Please write out the entire listing below exactly, excluding its pictures.

_Data provided_.
◆ ◆ ◆ ◆ ◆
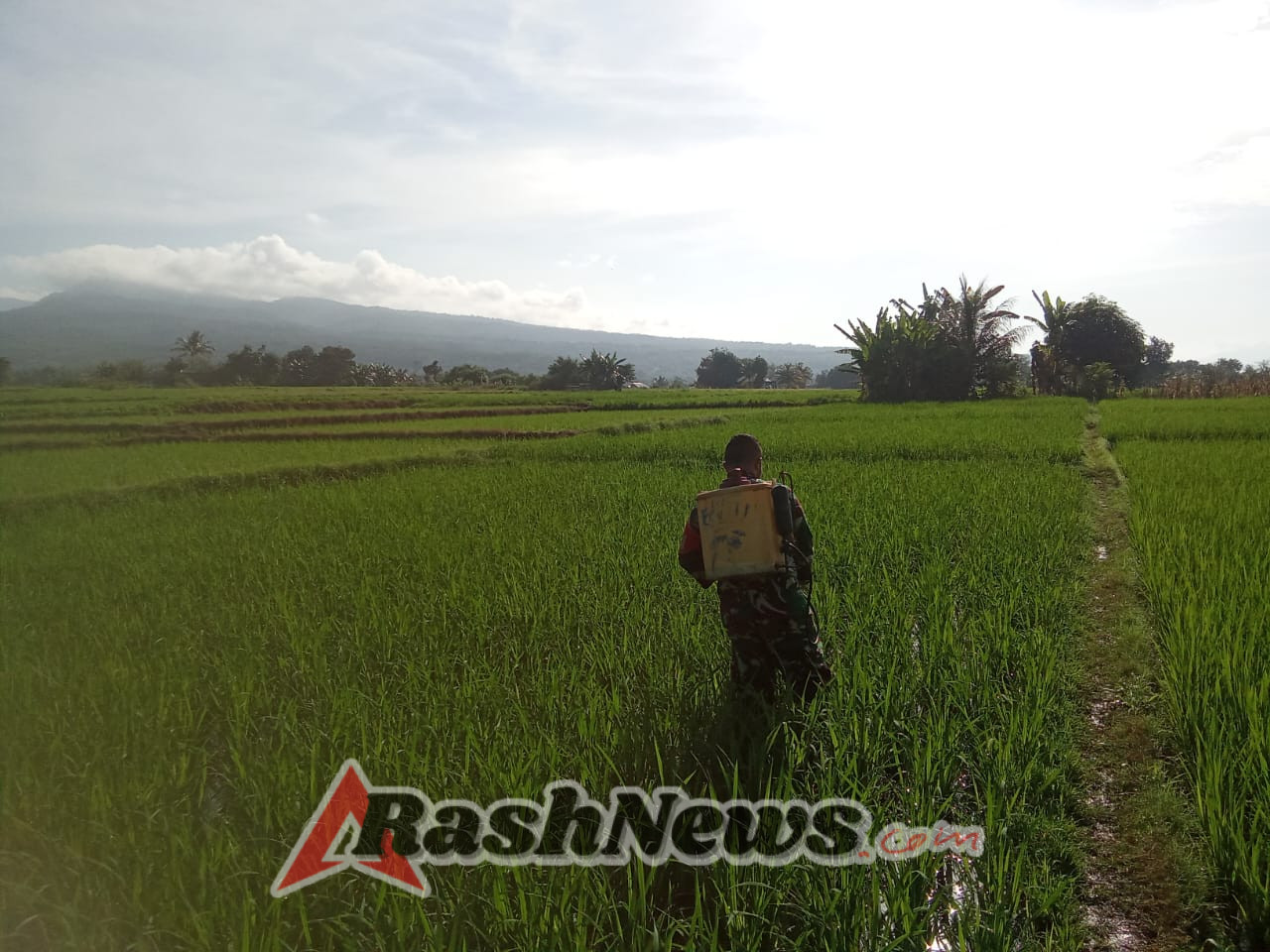 Koramil 1612 Hadirkan Babinsa Dekat Petani: Edukasi & Aksi Nyata di Lahan Pangan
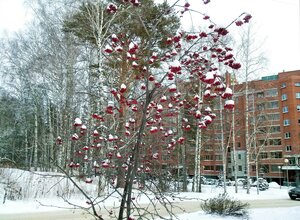 Zolotodolinskaya Street, 31/1, Novosibirsk: photo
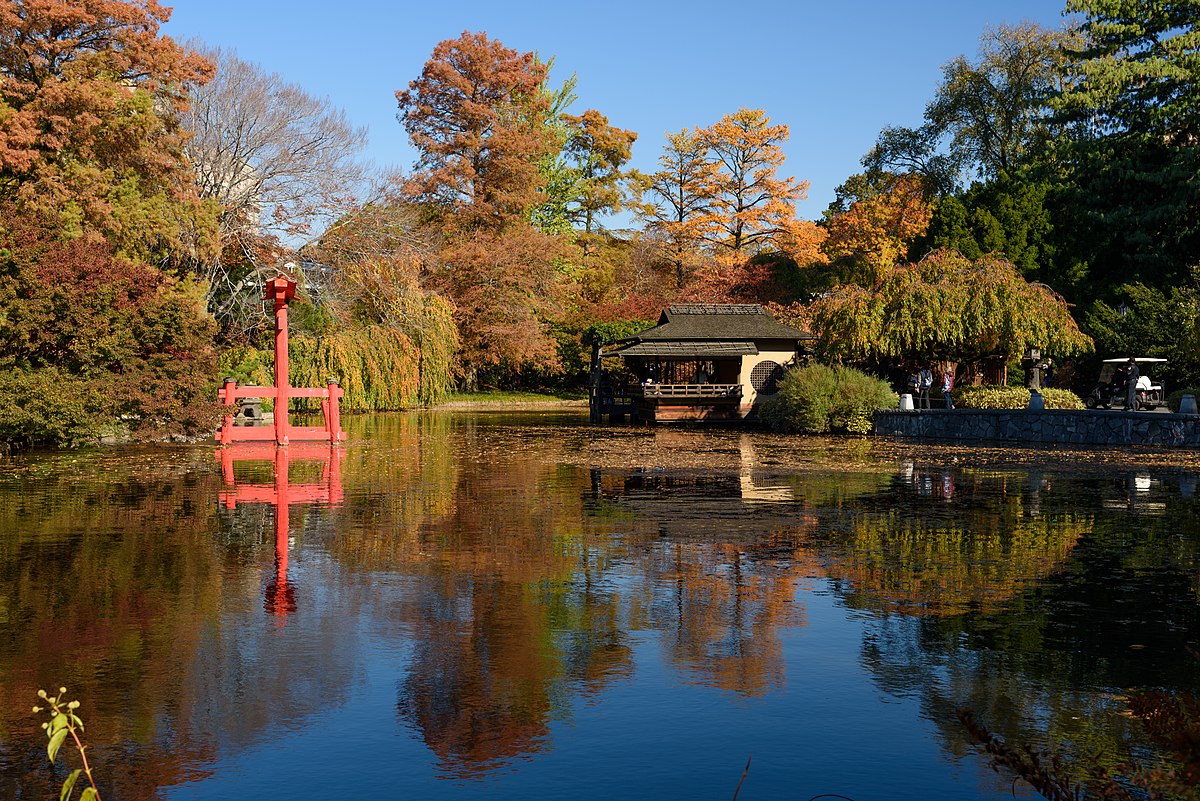 Jardin Botanique Brooklyn Élégant File Brooklyn Botanic Garden New York November 2016 008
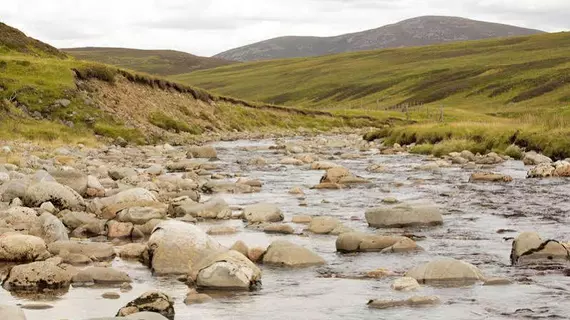 Aviemore Highlands | İskoçya - Scottish Highlands - Aviemore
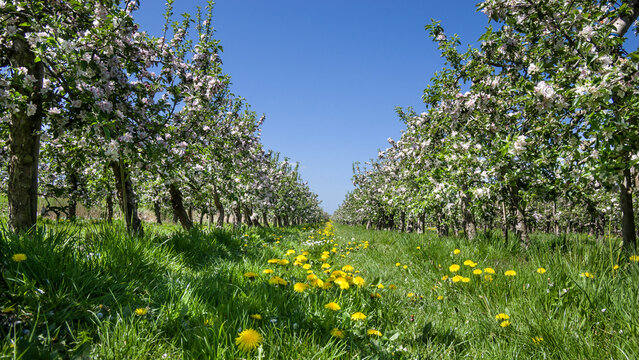 Apflebl&uuml;te Altes Land Niedersachsen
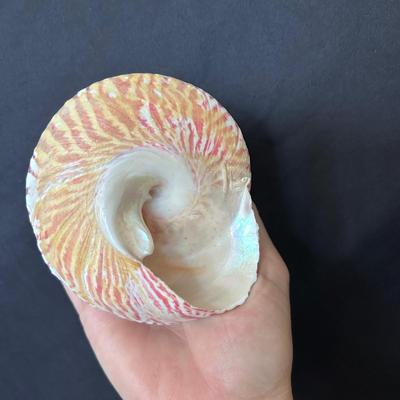 Shell Collection with Framed Art (LR-BB)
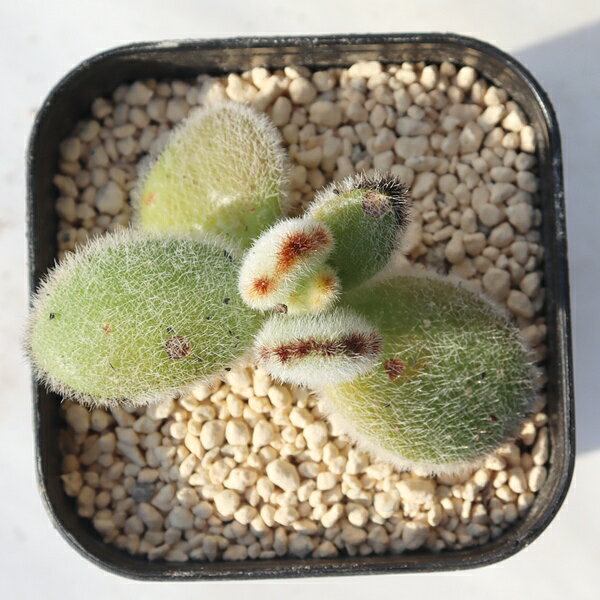 達磨月兎耳TK12-53カランコエ...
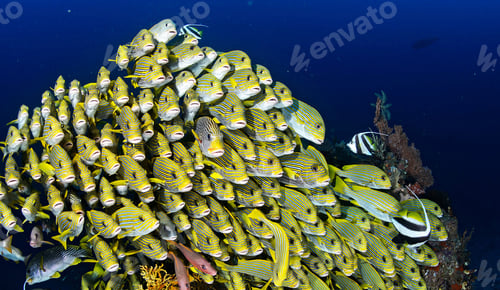 Preview: Amazing underwater world, Underwater world scene.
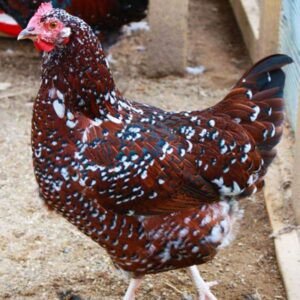Backyard Chickens Australia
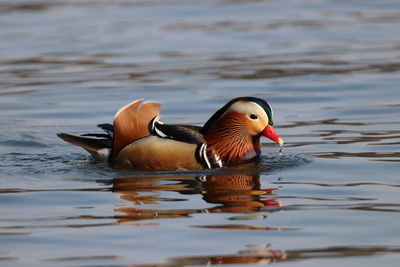 Duck swimming in lake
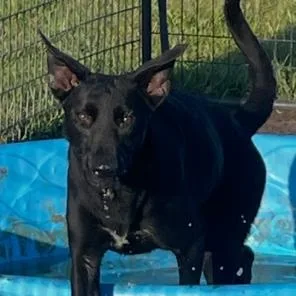 A young medium-sized female Black German Shepherd Dog dog named Buttercup for adoption in Brookeville, MD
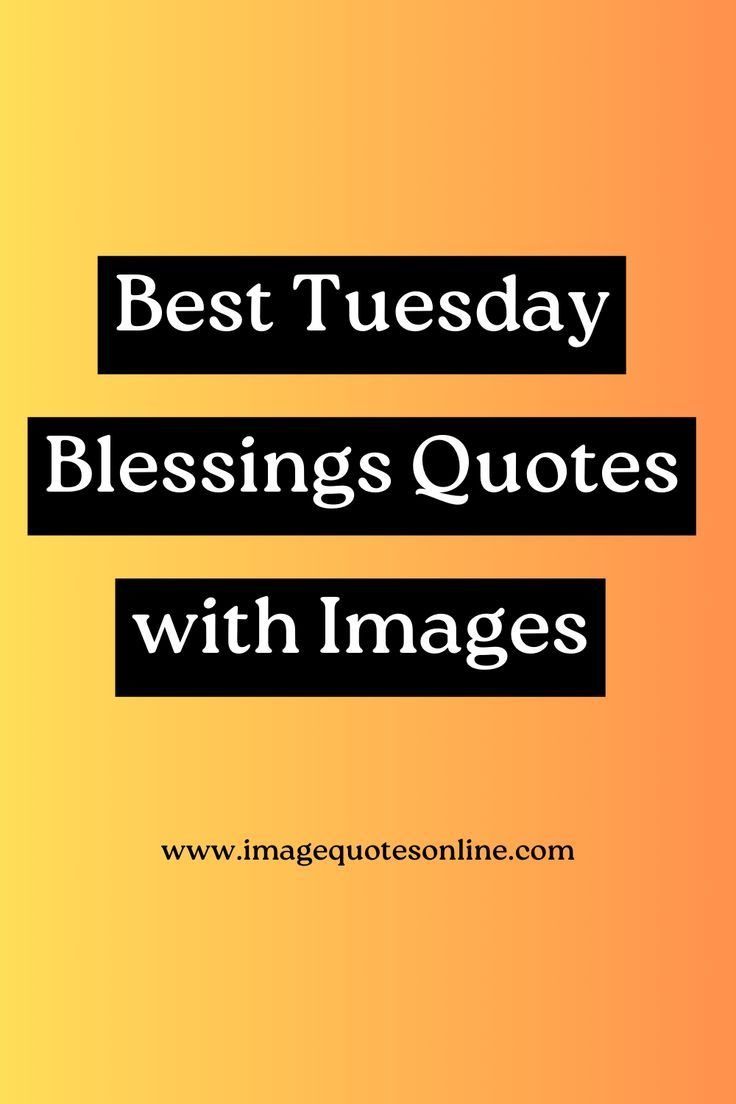 75 Best Tuesday Blessings Images and Quotes Beautiful Tuesday, Saturday Blessings, Tuesday Blessings, Saturday Quotes, Good Saturday, Tuesday Quotes, Tuesday Motivation, Inspiring Words, Blessed Quotes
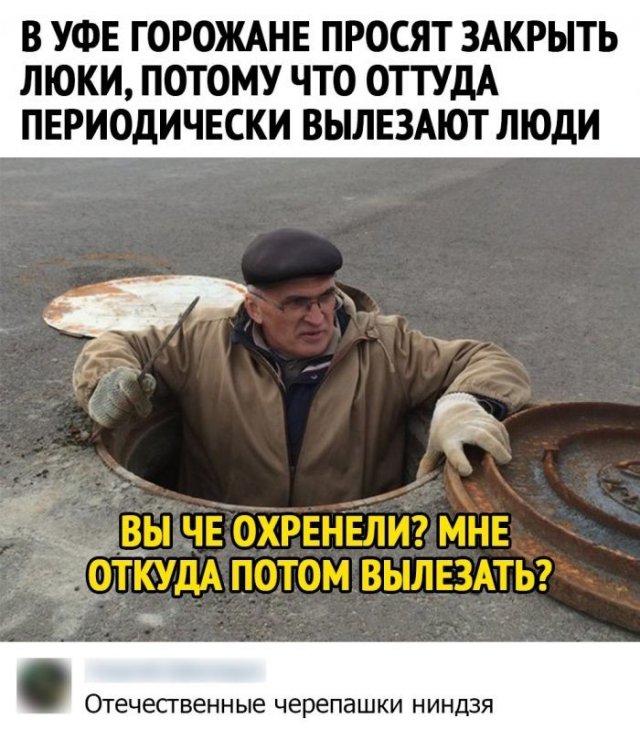Смешные комментарии в соц сетях (15 фото)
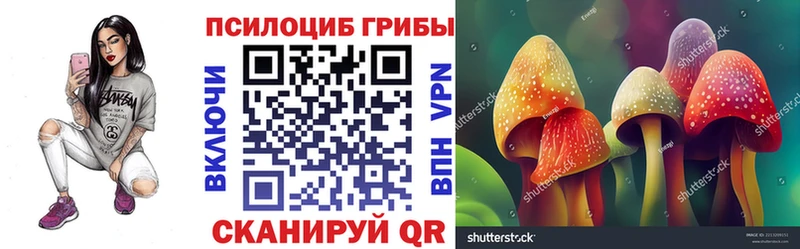 что такое наркотик  Евпатория  Псилоцибиновые грибы Cubensis 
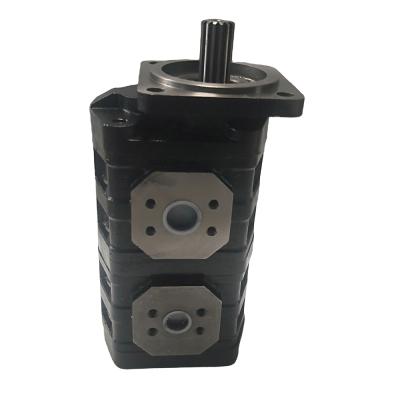 China Cast Iron Piston Pump Parker P25 Series P25X178B1R717-7BRS12-1 Double Hydraulic Gear Pump for sale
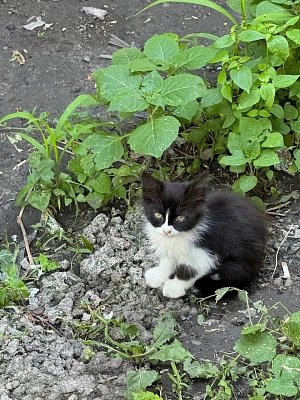 Большой мир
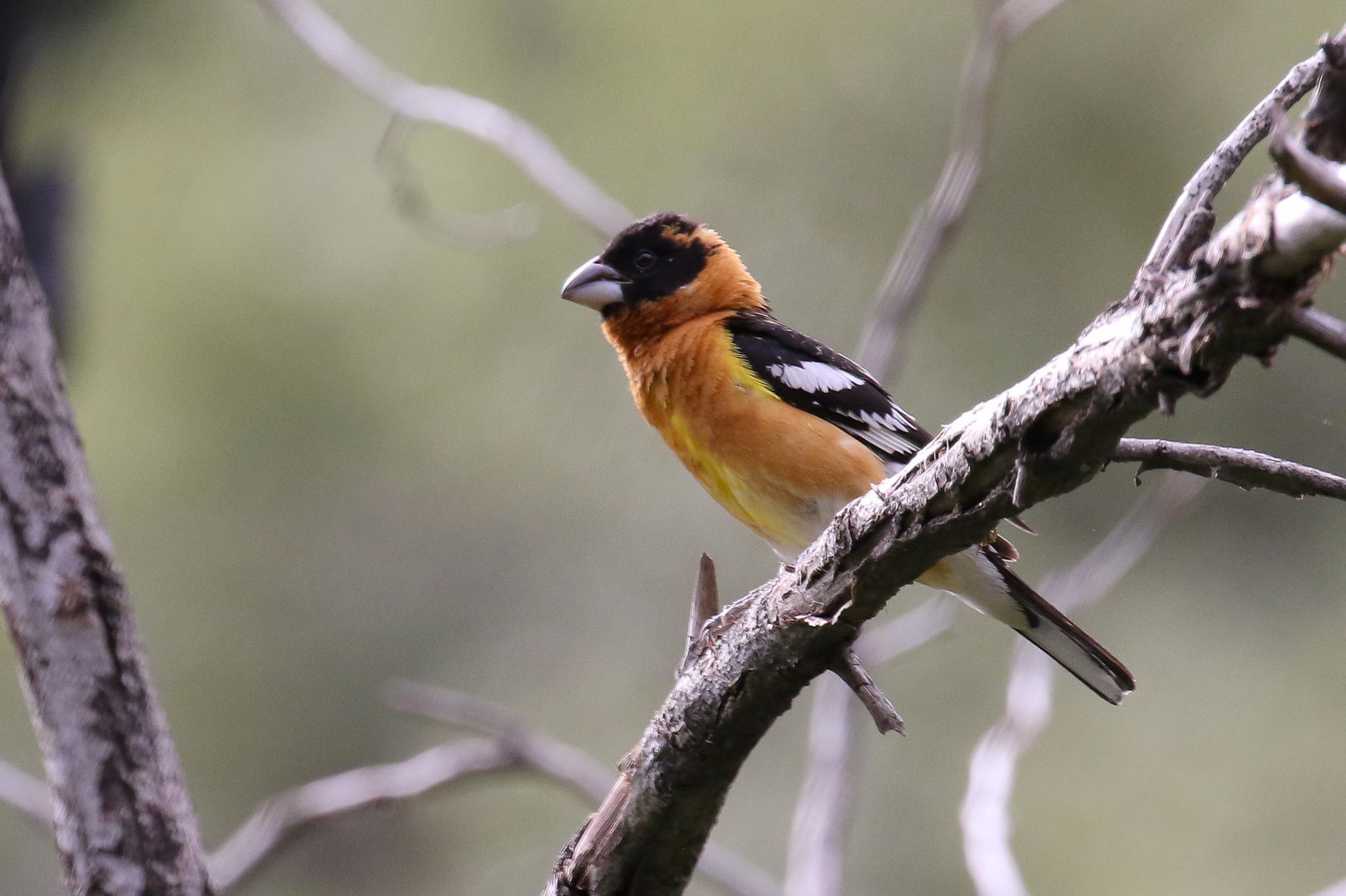 Black-headed Grosbeak © Michael O'Brien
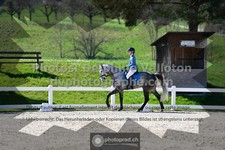 ref. photo 3554925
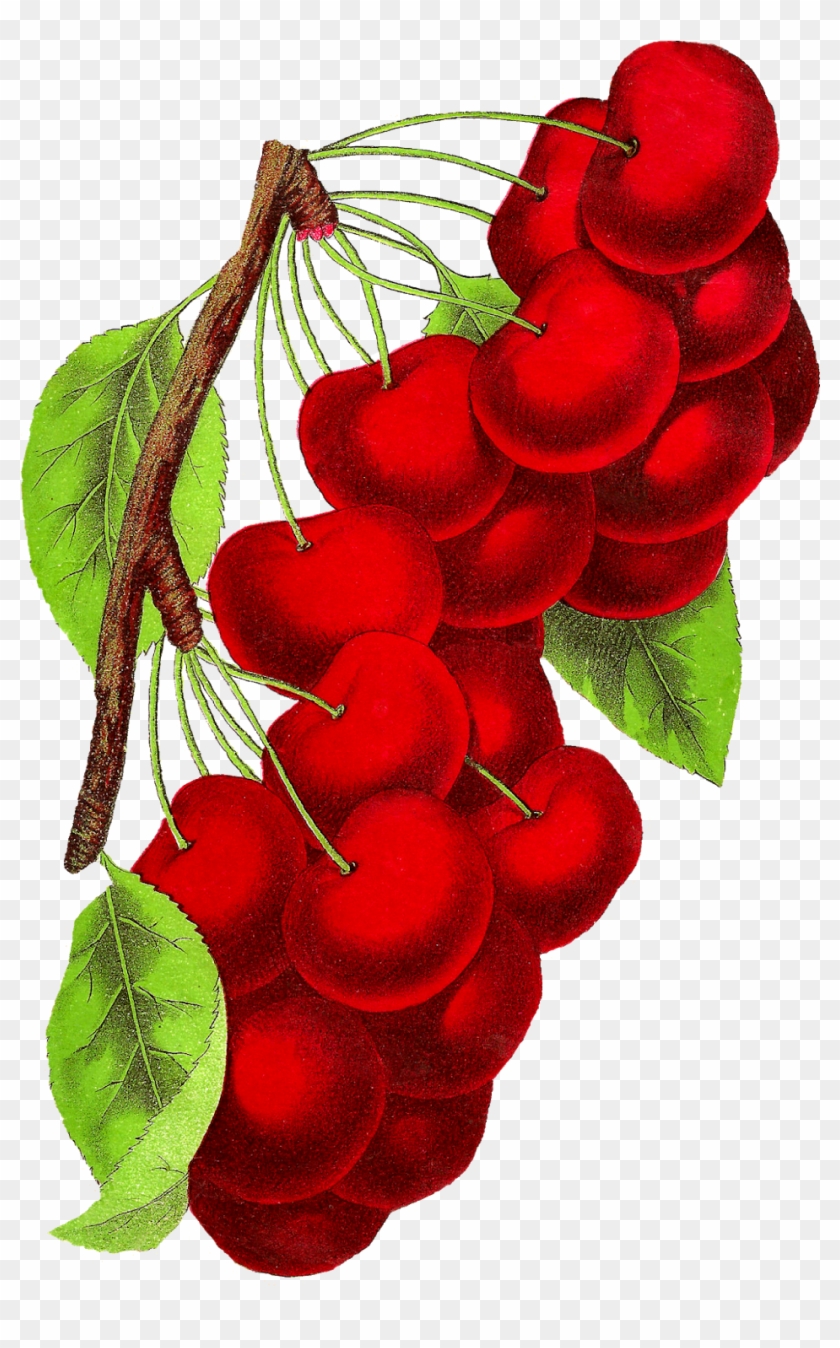 Vintage Cherry Clipart Download - Botanical Art Cherry Png Transparent Png #506366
◆ ◆ ◆ ◆ ◆
_Result of the task_.
 Koramil 1612 Hadirkan Babinsa Dekat Petani: Edukasi & Aksi Nyata di Lahan Pangan
 Zolotodolinskaya Street, 31/1, Novosibirsk: photo
 Jardin Botanique Brooklyn Élégant File Brooklyn Botanic Garden New York November 2016 008
 Aviemore Highlands | İskoçya - Scottish Highlands - Aviemore
 Apflebl&uuml;te Altes Land Niedersachsen
 Shell Collection with Framed Art (LR-BB)
 達磨月兎耳TK12-53カランコエ...
 Preview: Amazing underwater world, Underwater world scene.
Backyard Chickens Australia
 Duck swimming in lake
 A young medium-sized female Black German Shepherd Dog dog named Buttercup for adoption in Brookeville, MD
 75 Best Tuesday Blessings Images and Quotes Beautiful Tuesday, Saturday Blessings, Tuesday Blessings, Saturday Quotes, Good Saturday, Tuesday Quotes, Tuesday Motivation, Inspiring Words, Blessed Quotes
Смешные комментарии в соц сетях (15 фото)
 что такое наркотик  Евпатория  Псилоцибиновые грибы Cubensis 
 China Cast Iron Piston Pump Parker P25 Series P25X178B1R717-7BRS12-1 Double Hydraulic Gear Pump for sale
 Большой мир
 Black-headed Grosbeak © Michael O'Brien
 ref. photo 3554925
 Vintage Cherry Clipart Download - Botanical Art Cherry Png Transparent Png #506366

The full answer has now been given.